At the Univ. of Missouri Dr. Zhuang and Dr. Palaniappan have established a $1.7 million Multimedia Communications and Visualization Laboratory (MCVL) in the Department of Computer Science (formerly CECS) jointly funded by grants from the National Aeronautics and Space Administration (NAG-5-3900, NAG-5-6968, NAG-5-6283, NAG-13-99014), National Science Foundation (96-14 Award 9720668, EIA Award 9911095), National Institutes of Health (R33 EB000573), National Geospatial-Intelligence Agency, Raytheon (C-5-34366) and Silicon Graphics Inc. (SGI).
The CS MCVL conducts research and training in a number of areas related to multimedia and graphics including (1) digital video over information networks applied to very low bit rate video coding using the wavelet transform, visual content analysis, coding and retrieval, and intelligent network access to compressed multimedia datasets in digital libraries; (2) scientific visualization applied to the analysis and interactive manipulation of biological and geophysical datasets, video visualization and databases, distributed visualization, biomedical virtual reality, information mining, network topology visualization, and parallel algorithm development; (3) design of robust algorithms for image understanding including deformable motion, multi-view stereo analysis, and scene classification applied to bioimaging (e.g. wound closure, gastrulation, embryogenesis) and remote sensing (e.g. land cover mapping, road following, building extraction).

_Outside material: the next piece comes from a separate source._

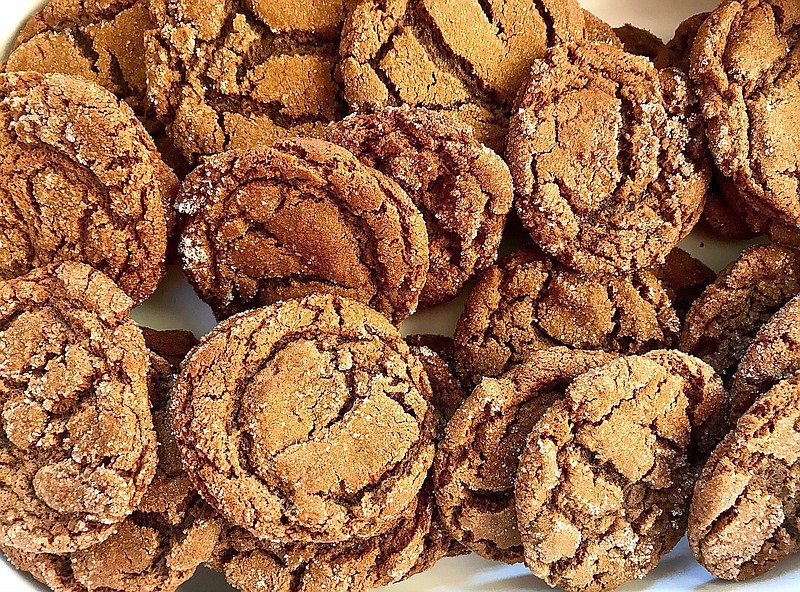 Mrs. Hewitt’s Molasses Crinkles is the ultimate lunchbox cookie. (Rick Nelson/Minneapolis Star Tribune/TNS)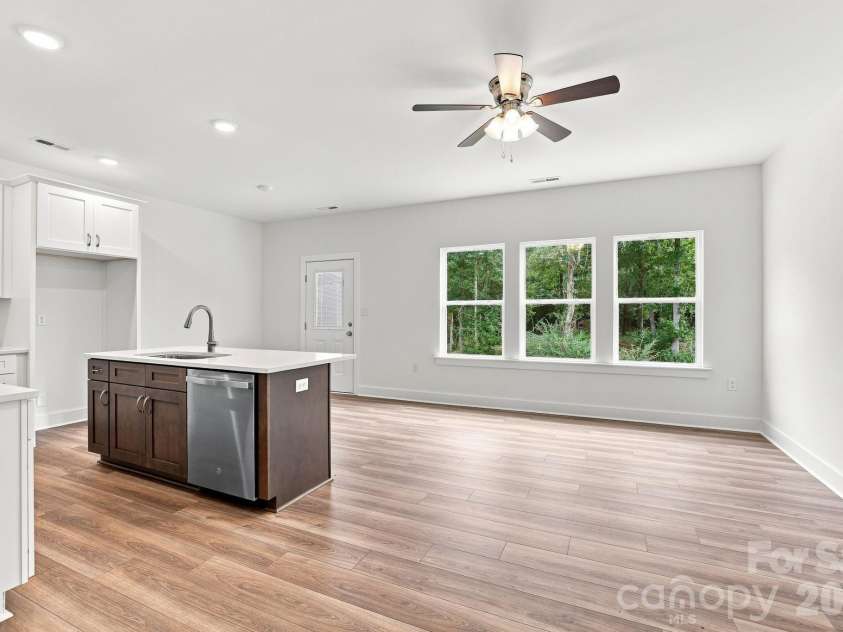 719 Hazel blakeney Road, Pageland, SC 29728.  MLS# CAR4424377, YatesRealty ID 50776.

The MCVL facilities currently consists of current generation Wintel PCs, 4 TB Apple XServe RAID 5 for non-linear video editing, sixteen Silicon Graphics workstations including five Octane2 R14000 workstations with V12 graphics, one Origin/CRAY 2000 supercomputer, a dual Athalon MP Linux-based terabyte RAID 5 storage server, one four processor Onyx2, eight R10000 O2s, four dual processor Octanes with MXI graphics, and two Indigo2s. The MCVL has installed a Fakespace Immersadesk R2 virtual reality display system with a novel VRGlove device. The Origin 2000 includes InfiniteReality2 graphics with two raster managers (64MB and 16 MB of texture memory each), the Onyx2 includes InfinteReality2 graphics with 8 display channels. The rack-based Origin 2000 has a 360 GB Fibre-channel disk array storage system and the Onyx2 has a 54 GB 6-way striped disk array. The Octane and Onyx2 virtual reality workstations have stereo capability and are used to develop 3-D displays using the StereoGraphic CrystalEyes stereo hardware.
The distributed MCVL cluster of workstations contains a total of over 16 gigabytes of memory (RAM), nearly 10 TB of disk storage, over 30 CPUs, a variety of graphics capabilities, with Gigabit Ethernet, 802.1X wireless LAN and 100BaseT network connectivity. A variety of high end networked Pentinum IV Dell, and Compaq PCs are also available. High speed Gigabit Ethernet and ATM switches support distributed computing research over local area wired and wireless networks. Internet access optimized over the NSF vBNS or Internet 2 Abilene research networks is available at OC-3 (155 megabits/sec) or DS-3 speeds. Specialized nonlinear video processing and editing equipment are also available.